Kıyamet kopar. Şu fırıldaklardan birisi bakarsın sapar, fırıldaklığını gösterir de kıyamet kopar. İşler yoluna girer.
Bir kaç aklı evvelin çırpınıp durmasına gerek yok aslında. Varsın balık tutsunlar, okey, pişpirik oynasınlar, ya da bir araya gelip iğdiş keyfi yapsınlar.
Sal çayıra kıyamet kayıra.
İlimmiş-irfanmış,
ahlakmış-etikmiş,
insafmış-vicdanmış,
gelecekmiş-zürriyetmiş….
İnsan.
İnsan da ne ki:
Evrimleşerek iki ayağı üzerinde durabilen yemiş toplayıcı. Ağaçlar kesilse, yansa- kül olsa; dolar, avro toplar en azından insan.
İlkel insan, avcı - toplayıcı- beleşçi olmuşsa;
Gelişmiş insan, hortumcu-soyguncu-beleşçi olamaz mı.
Elbette olabilir, doğasında var ya. Şu gelişmişlik nasıl bir şey acaba?

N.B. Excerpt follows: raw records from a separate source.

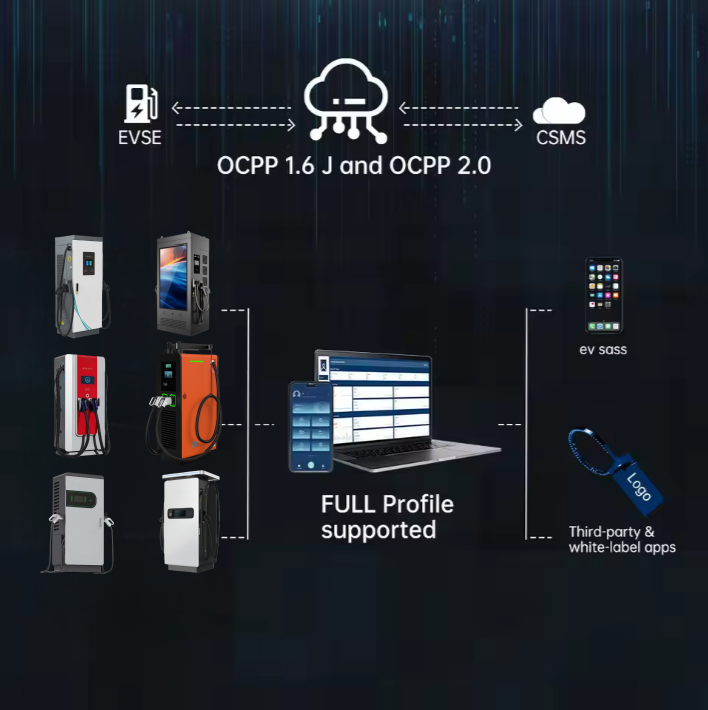 New Commercial OCPP 1.6 DC Fast All-in-One EV Charging Station 60kW Floor-Mounted IP54 Protection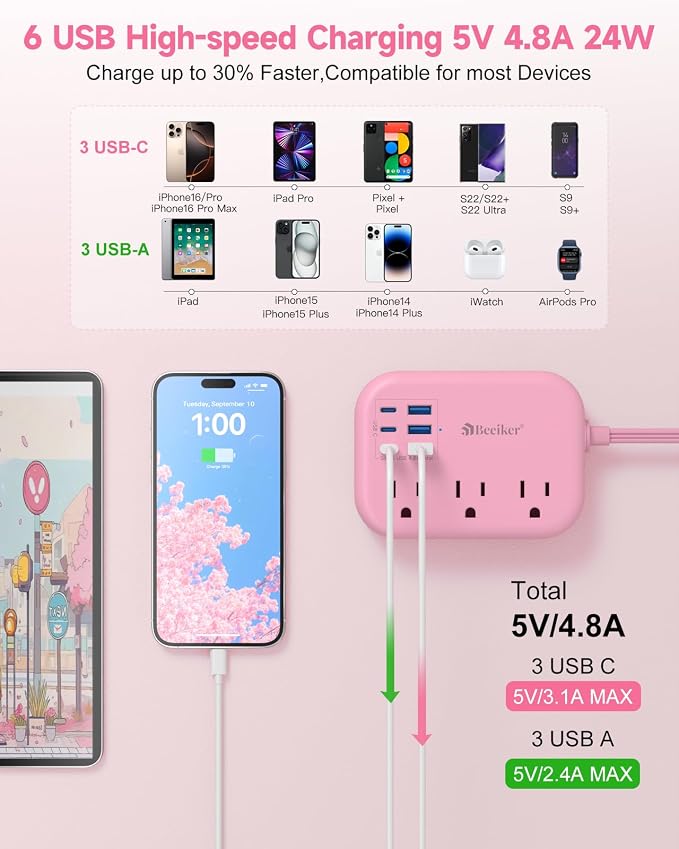 6 USB Pink Power Strip- 5Ft Pink Extension Cord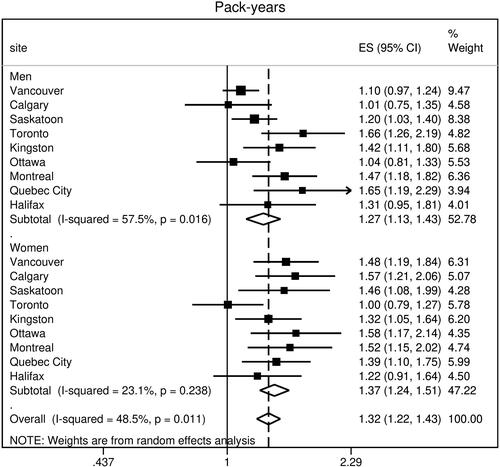 Figure 7 Smoking in pack-years as a risk factor for COPD, showing significant site heterogeneity in risk among the nine sampling sites. Results are shown for men and women and for the whole cohort. COPD was defined by airflow limitation (FEV1/FVC < LLN); ES (95% CI) is the adjusted odds ratio and 95% confidence interval, aOR (95% CI) for every 10-pack-year increase, adjusted for age, school years, asthma, childhood hospitalization, and dusty job exposure.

Arife (iv) lafına takmıştım kafayı aslında.
Gecenin arifesi akşam değil, ikindiydi bence, dünyanın sadece güneşle aydınlandığı çağlarda. Mesela *edım* ile *iv* yani *Adem* ile *Havva* nın yaşadığı yıllarda.

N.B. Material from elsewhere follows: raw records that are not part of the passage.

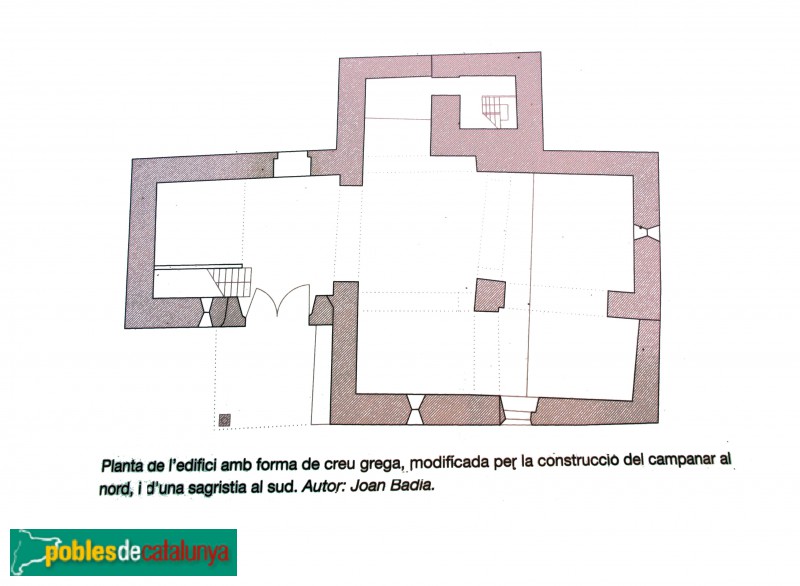 Santa Cristina d'Aro - Sant Martí de Romanyà (Foto: cartell al costat de l'església) Santa Cristina d'Aro - Sant Martí de Romanyà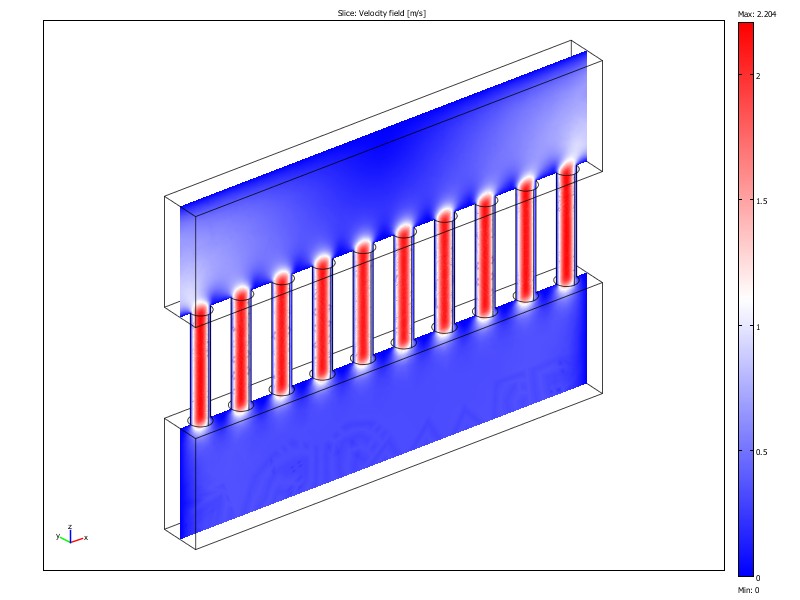 Slice view in comsol of velocity field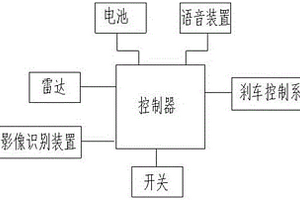 新能源汽车防止闯红灯装置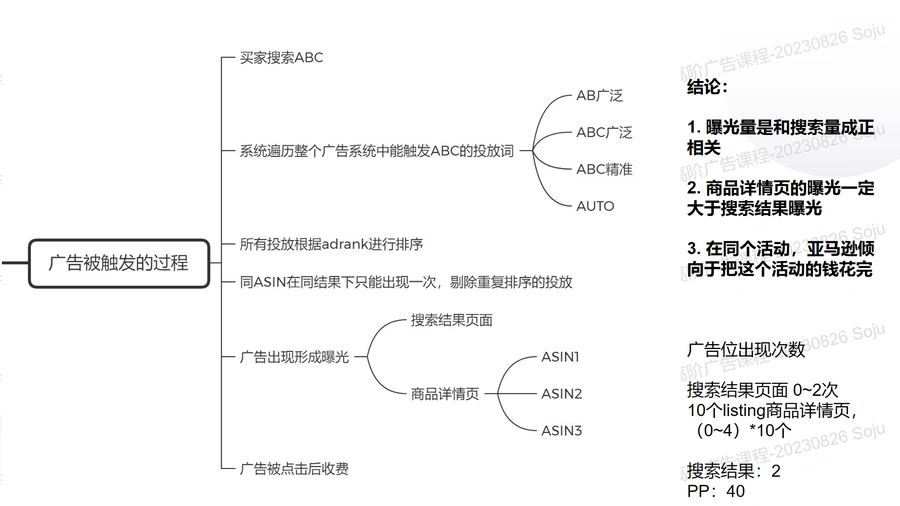 亚马逊广告中高阶运营实战指南-文章简介图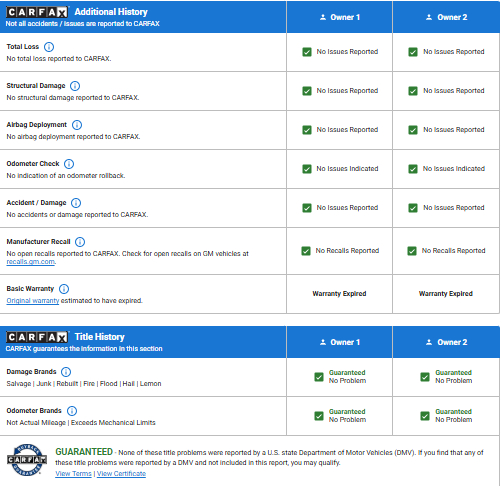 Chevrolet Colorado  2017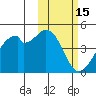 Driftwood Bay tide chart for Sunday, February 15, 2026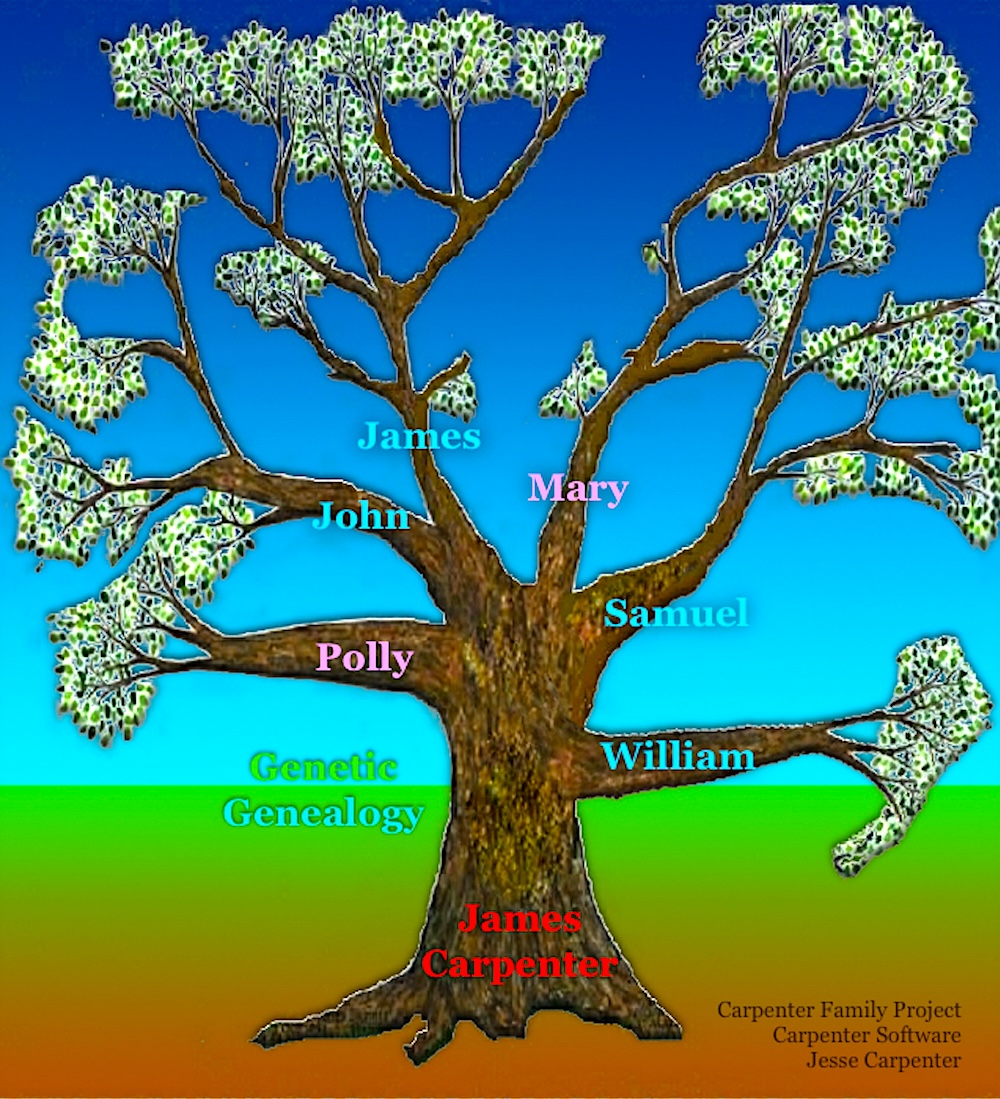 Tree James Carpenter and his children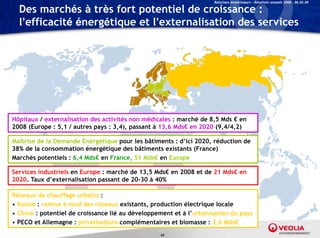Relations Investisseurs – Résultats annuels 2008 – 06.03.09

  Des marchés à très fort potentiel de croissance :
  l’efficacité énergétique et l’externalisation des services




Hôpitaux / externalisation des activités non médicales : marché de 8,5 Mds € en
                                                                   85
2008 (Europe : 5,1 / autres pays : 3,4), passant à 13,6 Mds€ en 2020 (9,4/4,2)

Maîtrise de la Demande Energétique pour les bâtiments : d’ici 2020, réduction de
38% de la consommation énergétique des bâtiments existants (France)
Marchés potentiels : 6,4 Mds€ en France, 51 Mds€ en Europe

Services industriels en Europe : marché de 13,5 Mds€ en 2008 et de 21 Mds€ en
2020.
2020 Taux d externalisation passant de 20-30 à 40%
            d’externalisation           20 30

Réseaux de chauffage urbains :
• Russie : remise à neuf des réseaux existants, production électrique locale
• Chine : potentiel de croissance lié au développement et à l’urbanisation du pays
• PECO et Allemagne : privatisations complémentaires et biomasse : 2,6 Mds€
                                                  43
 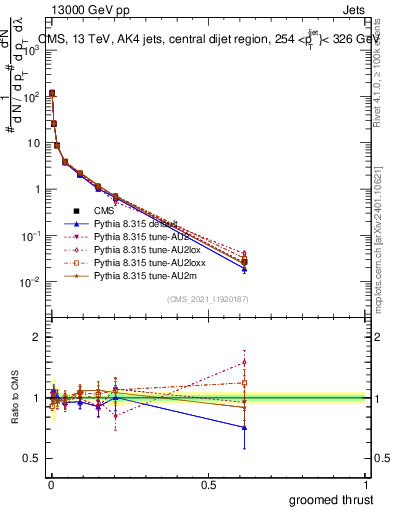 Plot of j.thrust.g in 13000 GeV pp collisions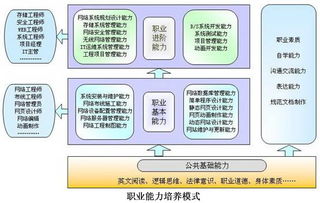 北京工業職業技術學院計算機網絡技術專業開課 技術賦能時代，開發引領未來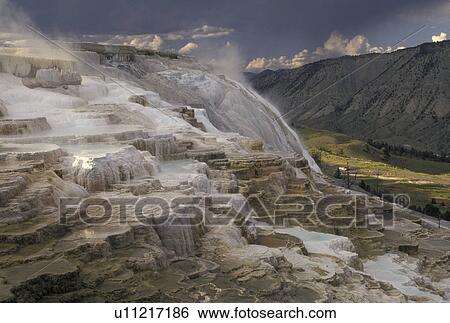 Stock Photograph -  Yellowstone National Park, Mammoth Hot Springs, WY, Wyoming, Canary Springs, a terrace-like formation created by limestone deposits, at Mammoth Hot Springs in Yellowstone Nat'l Park in Wyoming. . Fotosearch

O zamanlarda günün yarısı olan karanlıkta, ne yapılırdı, nasıl yapılırdı, nasıl geçerdi zaman?
Bu *iv* oldukça manidar bir şekilde hem * gecenin arifesi*, hem de *Havva* anlamını taşıyor. Aslında kutsal miladın falan da arifesi olsa gerek bu *iv*.
Kutsal PAZAR, mukaddes CUMARTESİ, mübarek CUMA arifeleri de var .
Acaba ilkel insan hangi güzel olay öncesi heyecanlanırdı. Önceden başlardı onun heyecanını yaşamaya ki, iv-arife* deyiverdi bu ön heyecana.
İnsan içgüdülerini, içten ve gerçekçi değerlendirerek yanıt bulabilsek kim bilir ne ilginç olurdu, doğmalardan dayatmalardan arınmışlığımız.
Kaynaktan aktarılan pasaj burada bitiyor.